I'm hitting my head off a brick wall with a bizarre problem that I know there will be an obvious answer to, but I can't see if for the life of me. It's all to do with encoding. Before the code, a simple description: I want to take in an XML document which is Latin1 (ISO-8859-1) encoded, and then send the thing completely unchanged over an HttpURLConnection. I have a small test class and the raw XML which shows my problem. The XML file contains a Latin1 character 0xa2 (a cent character), which is invalid UTF-8 - I'm deliberately using this as my test case. The XML declaration is ISO-8859-1. I can read it in no bother, but then when I want to convert the org.w3c.dom.Document to a byte[] array to send down the HttpURLConnection, the 0xa2 character gets converted to the UTF-8 encoded cent character (0xc2 0xa2), and the declaration stays as ISO-8859-1. In other words, it's converted to two characters - totally wrong.
The code which does this:
FileInputStream input = new FileInputStream( "input-file" );
DocumentBuilderFactory factory = DocumentBuilderFactory.newInstance();
factory.setNamespaceAware( true );
DocumentBuilder builder = factory.newDocumentBuilder();
Document document = builder.parse( input );
Source source = new DOMSource( document );
ByteArrayOutputStream baos = new ByteArrayOutputStream();
Result result = new StreamResult( baos );
Transformer transformer = TransformerFactory.newInstance().newTransformer();
transformer.transform( source, result );
byte[] bytes = baos.toByteArray();
FileOutputStream fos = new FileOutputStream( "output-file" );
fos.write( bytes );
I'm just writing it to a file at the moment while I figure out what on earth is converting this character. The input-file has 0xa2, the output-file contains 0xc2 0xa2. One way to fix this is to put this line in the 2nd last block:
transformer.setOutputProperty(OutputKeys.ENCODING, "ISO-8859-1");
However, not all XML documents that I'll be dealing with will be Latin1; most, indeed, will be UTF-8 when they come in. I'm assuming I shouldn't have to be working out what the encoding is such that I feed that in to the transformer though? I mean, surely it should be working this out for itself, and I'm just doing something else wrong?
A thought had occurred to me that I could just query the document to find out the encoding and thus the extra line could just do the trick:
transformer.setOutputProperty(OutputKeys.ENCODING, document.getInputEncoding());
However, I then determined that this wasn't the answer, as document.getInputEncoding() returns a different String if I run it in a terminal on the linux box in comparison to when I run it within Eclipse on my Mac.
Any hints would be appreciated. I fully accept I'm missing out on something obvious.

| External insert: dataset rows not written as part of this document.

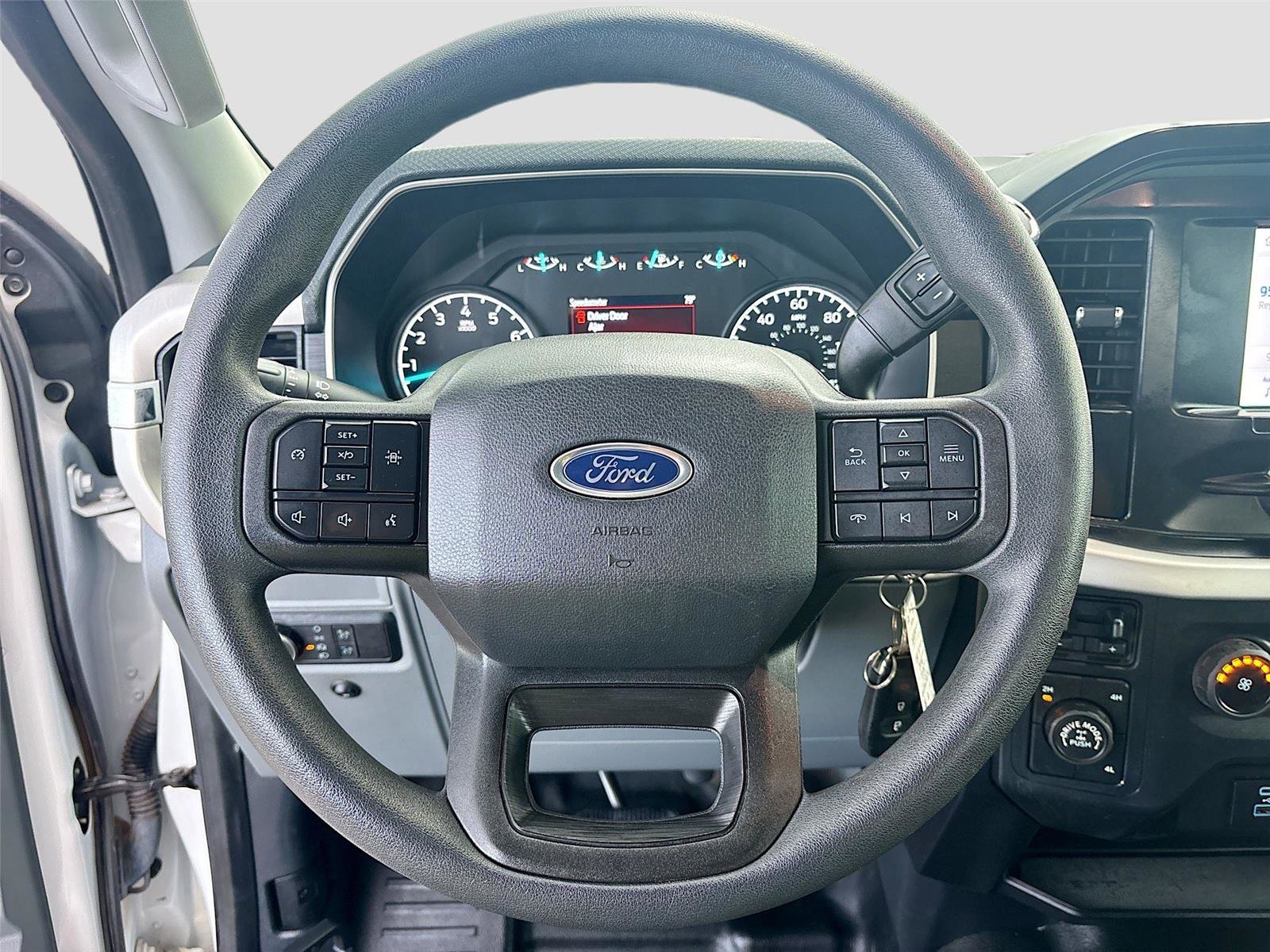 Used 2022 Ford F150 XL w/ Trailer Tow Package image 12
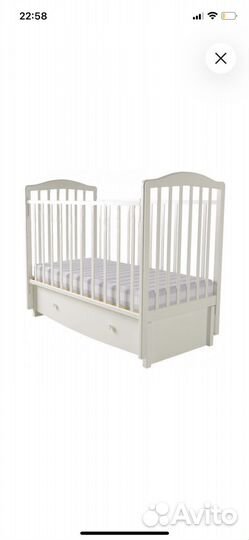 Детская кроватка с маятником и ящиком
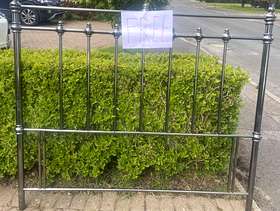 Freecycle Metal king size bed end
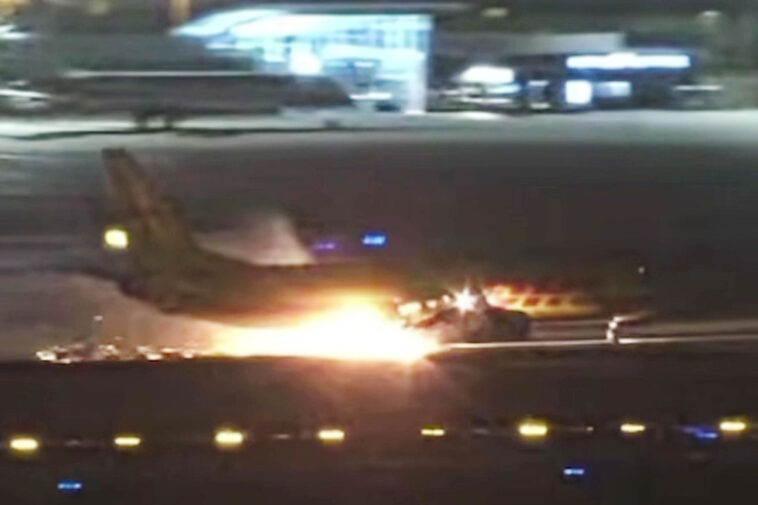 plane-lands-with-fireball-explosion-at-lax-after-serious-technical-malfunction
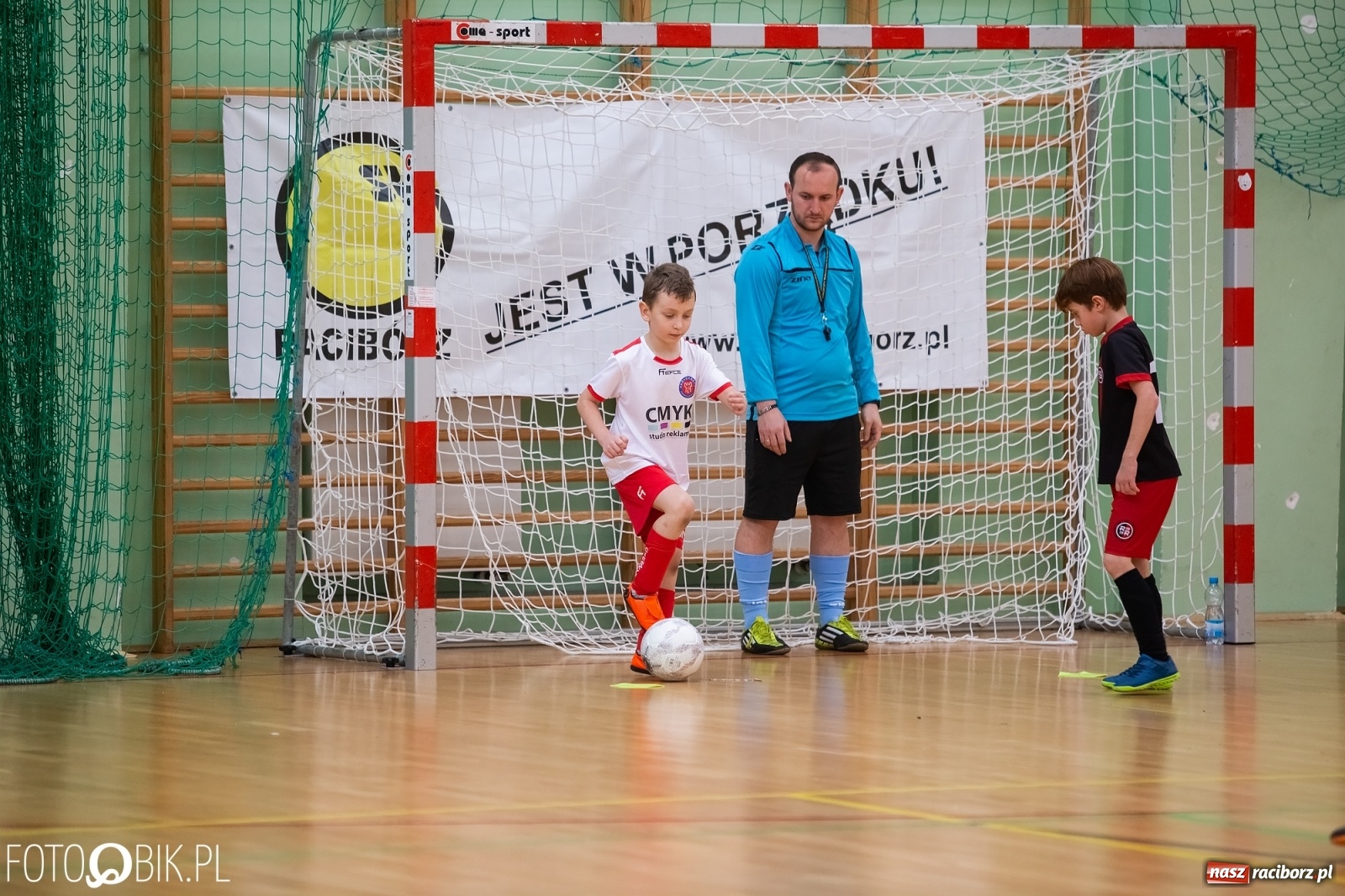 Zdjęcie w galerii na portalu naszraciborz.pl: Drugi dzień zmagań piłkarskich w Arenie Rafako wiadomości z regionu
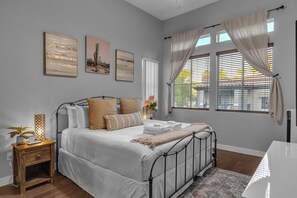 2 bedrooms, iron/ironing board, free WiFi, bed sheets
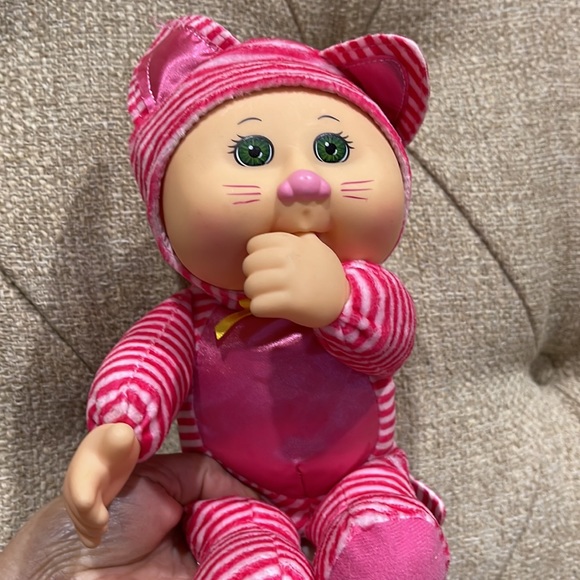 Cabbage Patch Emma Kitty 9” Doll - Picture 2 of 4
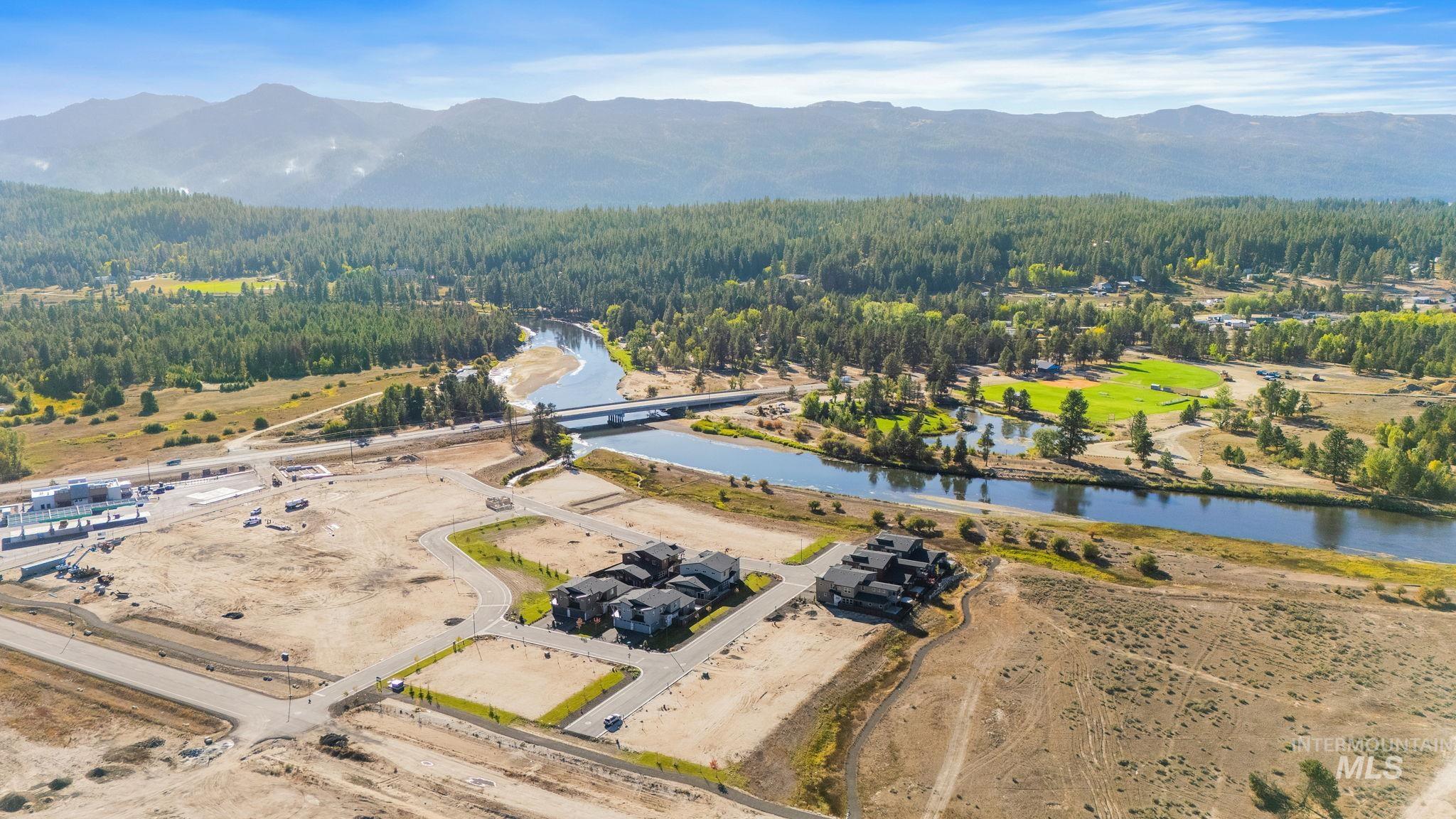 28 Bridger St, Cascade, Idaho 83611, 3 Bedrooms, 2.5 Bathrooms, Rental For Rent, Price $2,800, 98924660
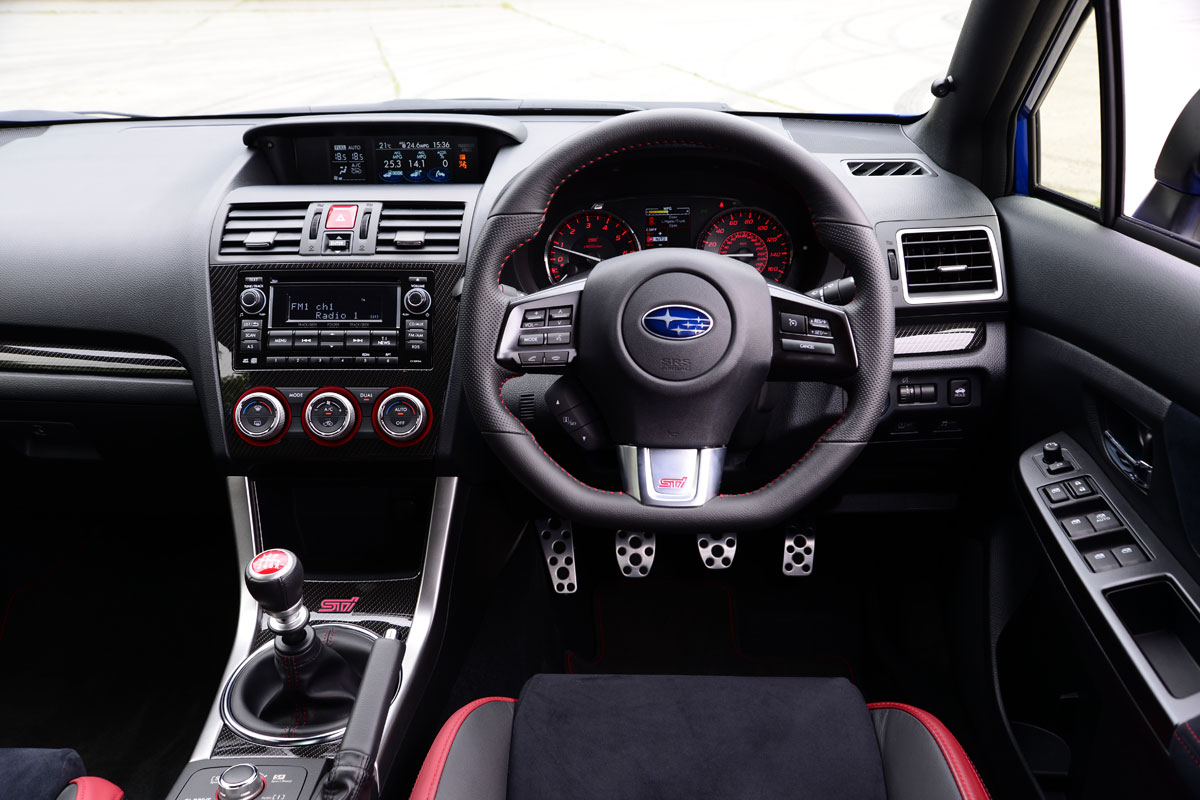 Subaru WRX STi 2014 - interior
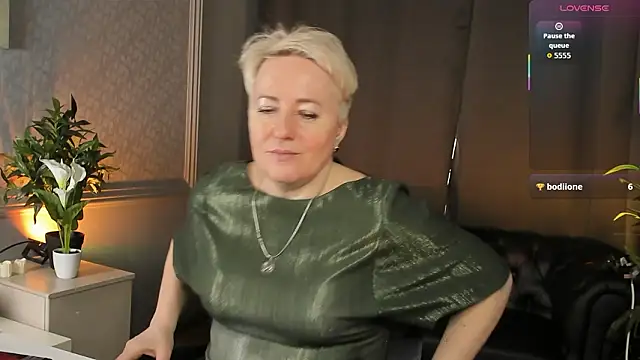 Nika Smit online show from 02.15.26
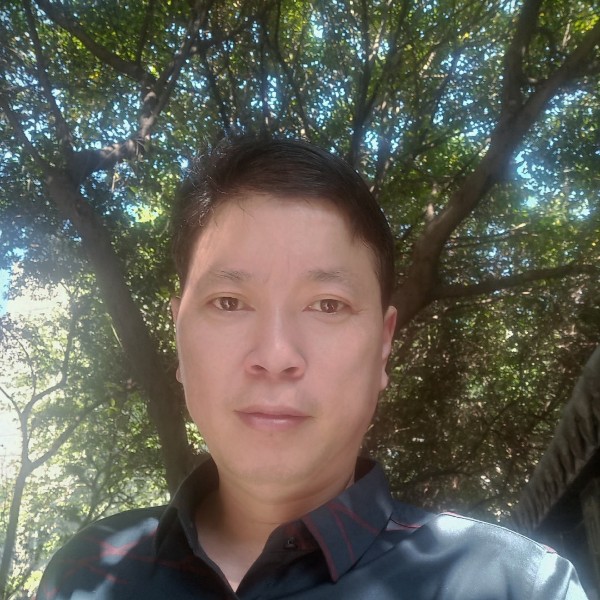 微笑相许热心的照片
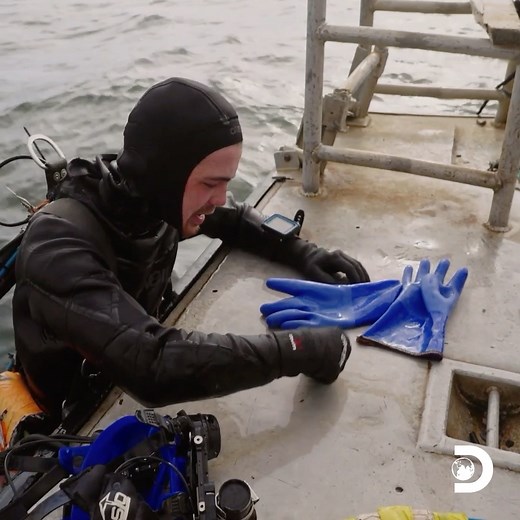2.1M views · 36K reactions | It's the biggest gold nugget he's EVER seen  #BeringSeaGold Fridays at 9P on Discovery | Bering Sea Gold | Facebook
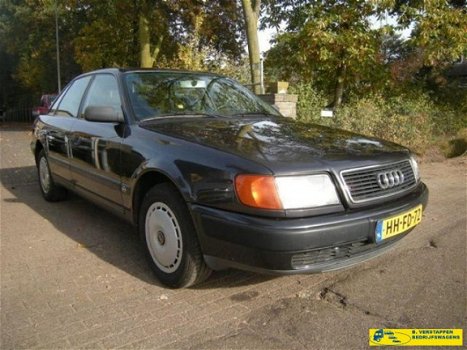 Audi 100 - 2.3 E - 1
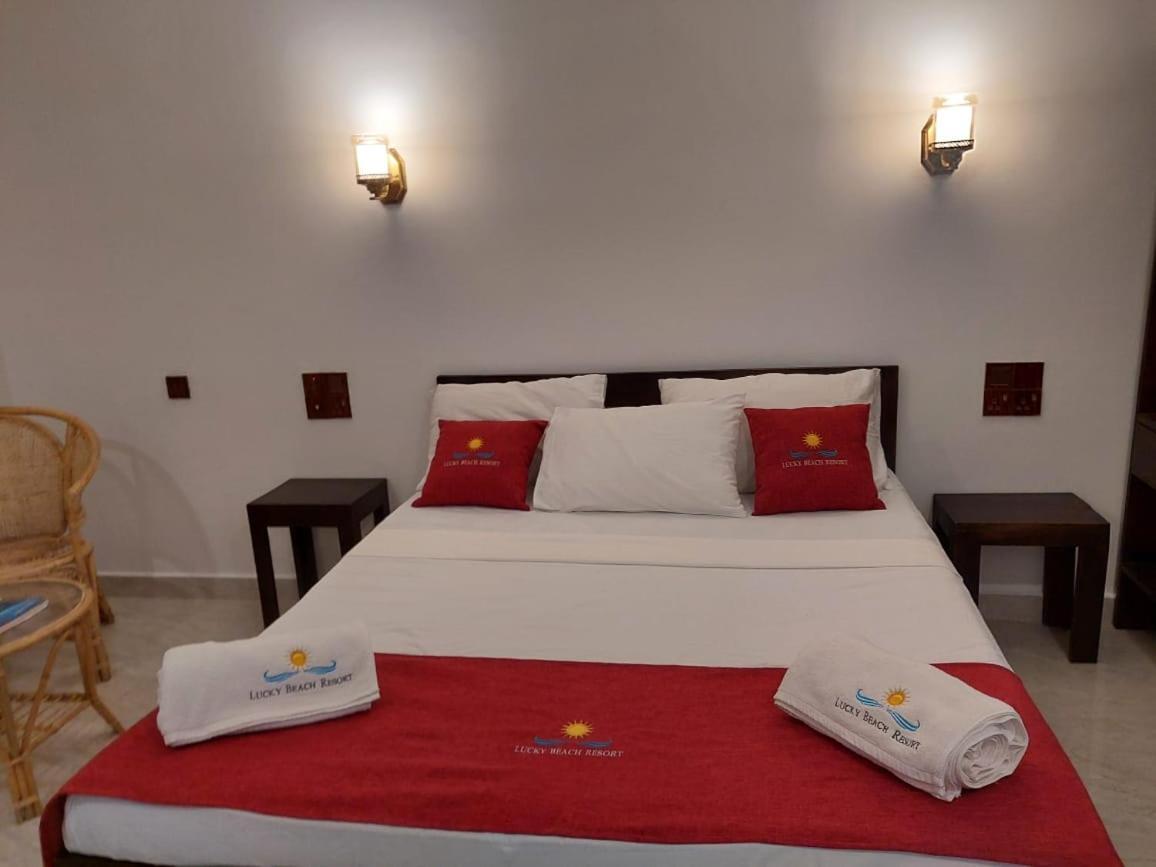 Lucky Beach Resort Trincomalee Exteriör bild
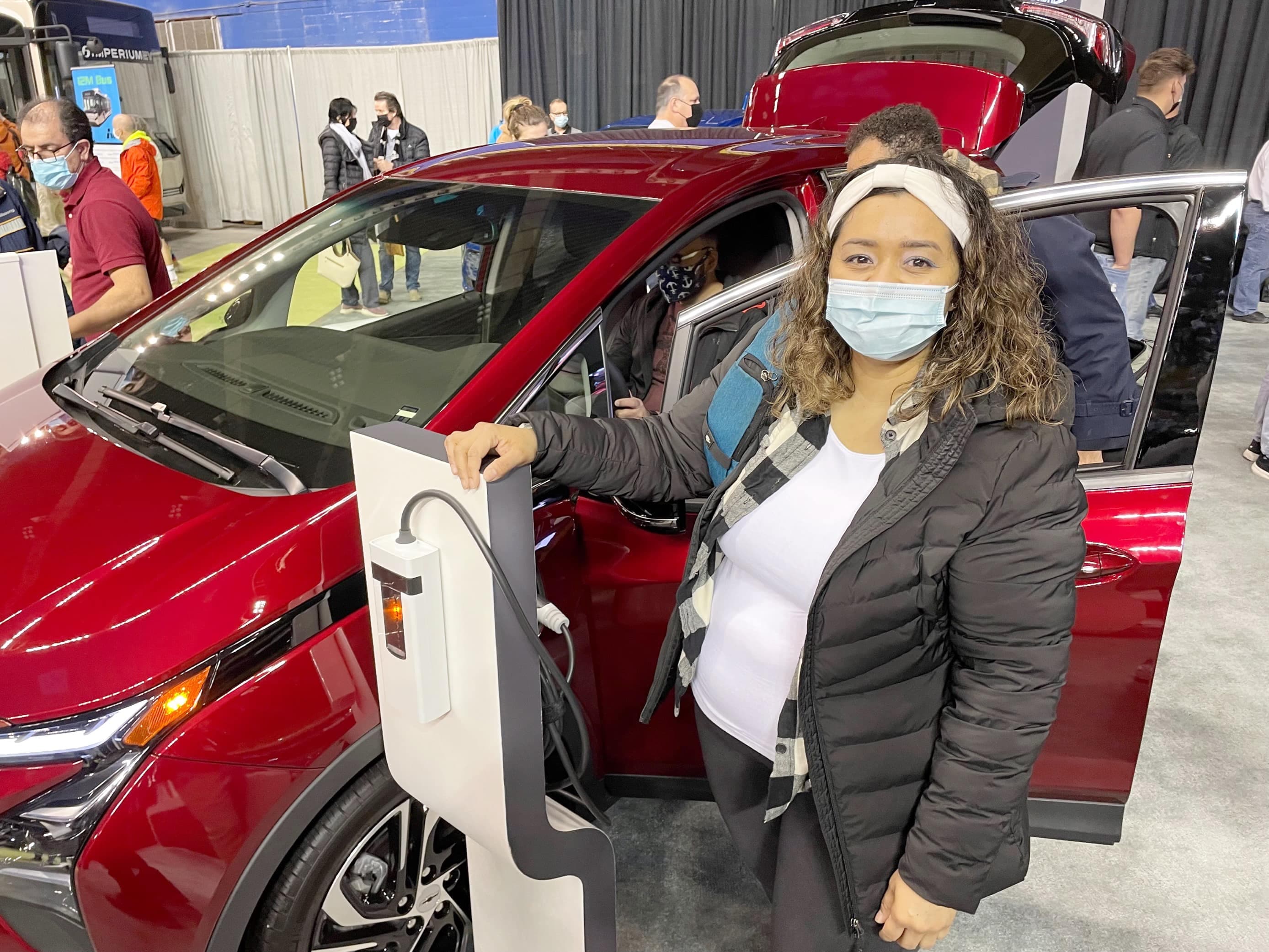 Adriana Esparza, qui vient d’essayer une voiture qu’elle envisage d’acheter pour ne plus dépendre de l’essence.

yes, by default, xml documents are written as utf-8, so you need to explicitly tell the Transformer to use a different encoding. your last edit is the "trick" to doing this such that it always matches the input xml encoding:
transformer.setOutputProperty(OutputKeys.ENCODING, document.getXmlEncoding());
the only question is, do you really need to maintain the input encoding?

Why not just open it with a normal FileInputStream and stream the bytes to the output stream directly from that? Why do you need to load it into DOM format in memory if you are just sending it byte for byte over an HttpURLConnection?
Edit: According to javadoc for Document, you should probably be using document.getXmlEncoding() to get what matches the encoding in the XML prolog.

This may be helpful - it's too long for a comment, but not really an answer. From the spec:
The encoding attribute specifies the preferred encoding to use for
outputting the result tree. XSLT processors are required to respect
values of UTF-8 and UTF-16. For other values, if the XSLT processor
does not support the specified encoding it may signal an error; if it
does not signal an error it should use UTF-8 or UTF-16 instead.
You may want to test with "encoding=junk", as it were, to see what it does.
The valid values for Java are described here. See also IANA charsets.

Related

DOM4J utf-8 encoding Umlaute(Ä,ü,ß) incorrectly

I'm using DOM4j for parsing and writing an XML-Tree which is always in UTF-8.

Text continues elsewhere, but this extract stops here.